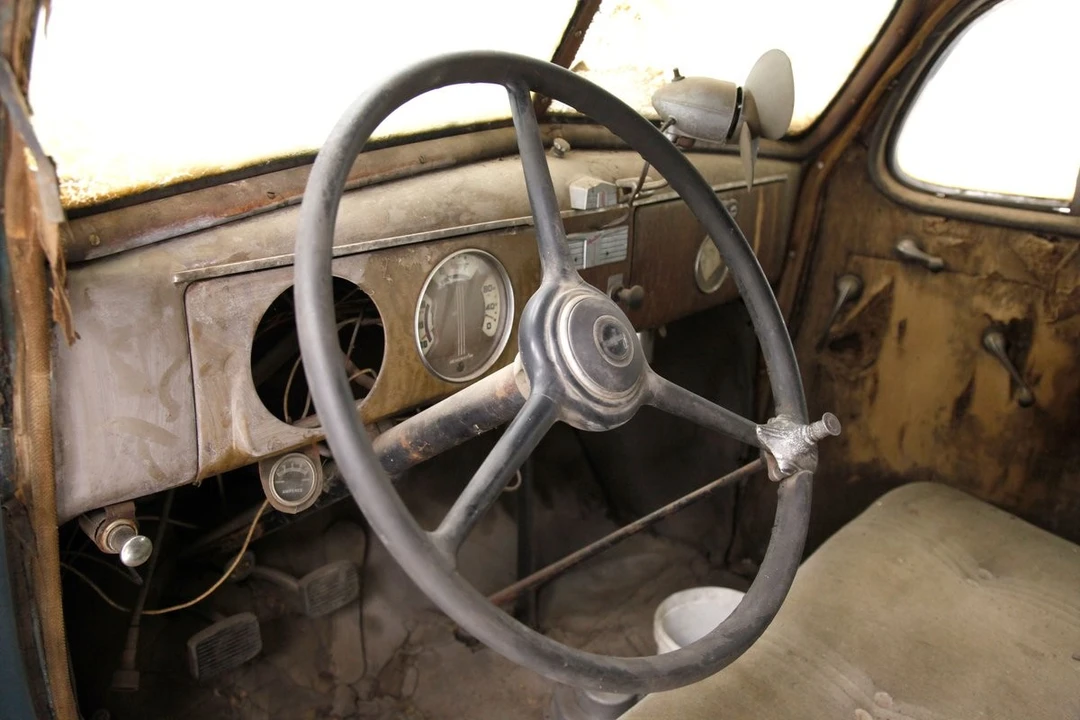 1936 Pontiac - Image 19 of 31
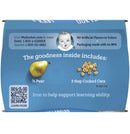 Gerber Baby Food, 2nd Foods, Pears & Cinnamon With Oatmeal, 8 OZ - Trustables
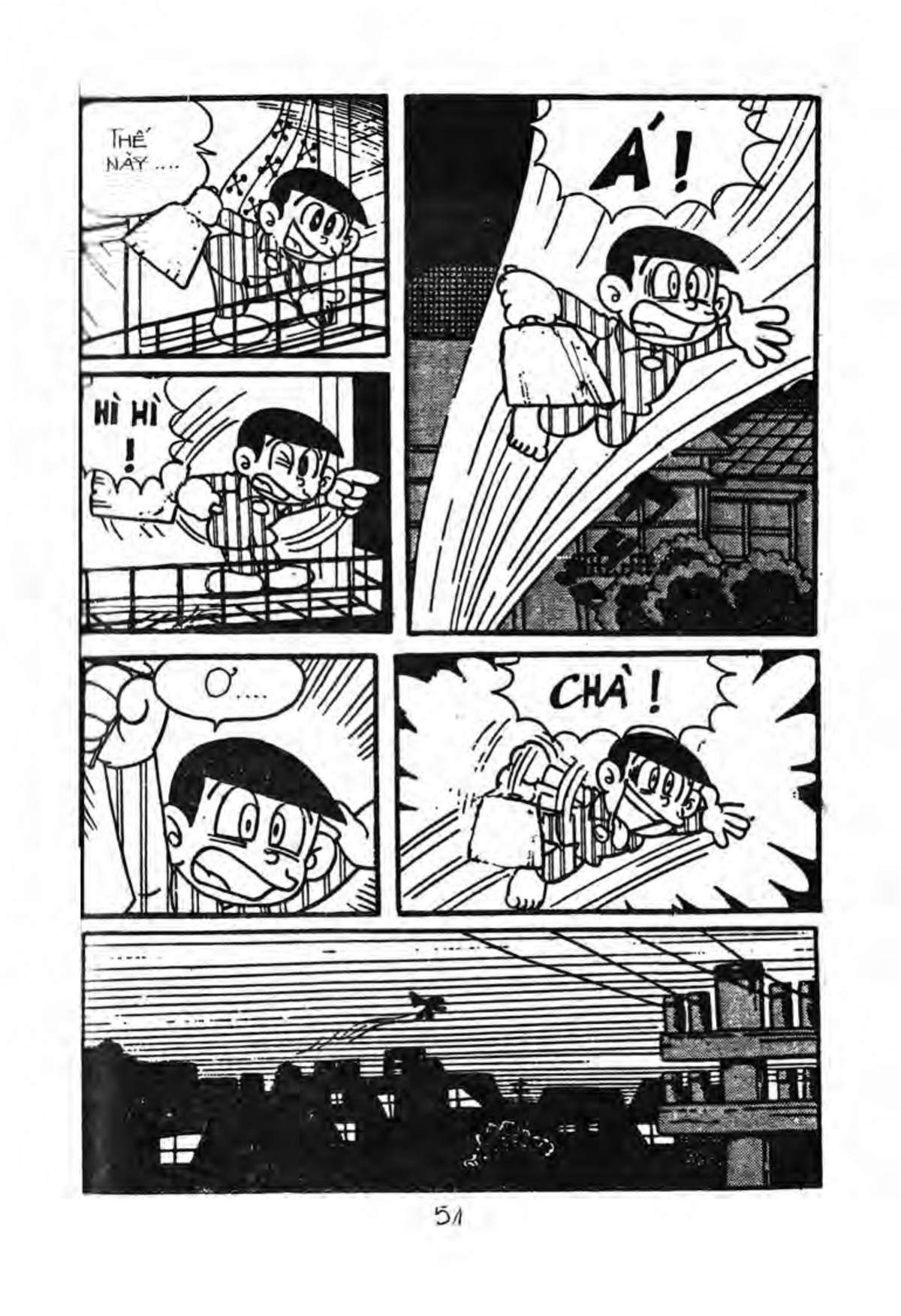 Kaibutsu-kun: Chapter 8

Directions for this task >> Beginning with the line containing "Gerber Baby Food, 2nd" and ending with the last line of the data above, repeat each line exactly. Include no pictures and no other lines.

Reply to the task >>
 Gerber Baby Food, 2nd Foods, Pears & Cinnamon With Oatmeal, 8 OZ - Trustables
 Kaibutsu-kun: Chapter 8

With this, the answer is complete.